No. In the end, designing bridges is just like creating
software. You can't test all possible cases. In the case of
bridge design, you can't even analyse all possible cases; you
can generally get a lot closer to it with software, but there's
still a costs-benefits trade-off involved. If the evaluation of
these trade-offs is done using a serious, scientific
methodology, we speak of good engineering. If it is done by
guessing, or not done at all, we speak of bad engineering (or no
engineering). Both for software or for bridges.
Yeah, that's it then. Except math is not a science.
Of course it is. It's the queen of sciences.
And computer science is a science. Or are you going to claim
that computer science doesn't exist, too.
I won't. But engineers aren't precluded from doing design, in
the sense of aesthetics rather then physics, are they?
My point is just that scientific principles are only a small
part of engineering.
Not always successfully though, the attempt to streamline
steam locomotives in the early to middle 20th century was a
bit misguided, wasn't it? At least from an engineering
standpoint.
That I don't know. Given the coefficient of penetration of a
typical steam engine, it would seem that almost anything would
help. But the real motivation was commercial, I think.
(Some of this raises several interesting questions that go
beyond the scope of this discussion. EG, I've read statements
by a few engineers who write something similar to: If it looks
right it will fly. Or steam, or sail, or whatever it is
they're designing for. I've heard programmers say something
similar. But then I'd expect cobblers and coopers to have
something similar to say. Why something looks right is left as
an exercise.

)
Personally, that DOESN'T sound like good engineering to me. But
the reverse might be true: if it is well designed, it will look
good.
And speaking of Eiffel and aesthetics let's not forget that
statue standing in NYC's harbor.
Which wasn't by Eiffel (although Eiffel's company did the
engineering for the internal structure to hold it up).

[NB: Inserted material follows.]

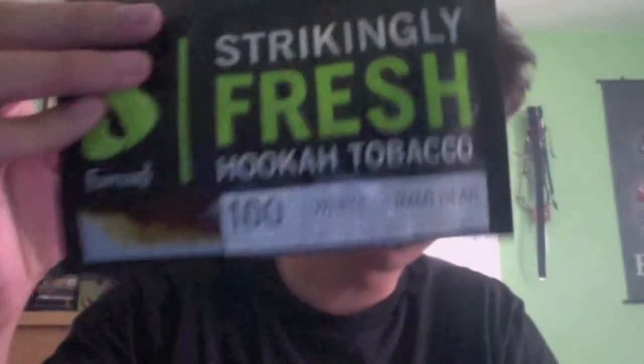What's up guys, turbo hookah review today — doing a shisha review on Fumari White Gummy Bear. I'm gonna post this up on hookahinformer.com, check it out, it's a really good website for reviews, blogs, anything about hookah. Back to the flavor — White Gummy Bear.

Oh I agree that there's more to engineering than the
application of scientific principle. But that is the heart of
the matter. Without that I don't think that it's engineering.
I'd prefer the expression "scientific method" to "scientific
principles". The word "principles" can be understood at too
many different levels.
I agree that there are similarities. Even though you haven't
said it explicitly, I think there is quite a bit that software
developers can learn from engineers. But I don't quite see
how software development is engineering. I suspect they are
fundamentally different. I've sometimes wondered if perhaps
software development isn't little more like making movies.
I find software development to be very, very much like
architecture or bridge engineering (and probably a lot less like
chemical engineering---or even electrical engineering).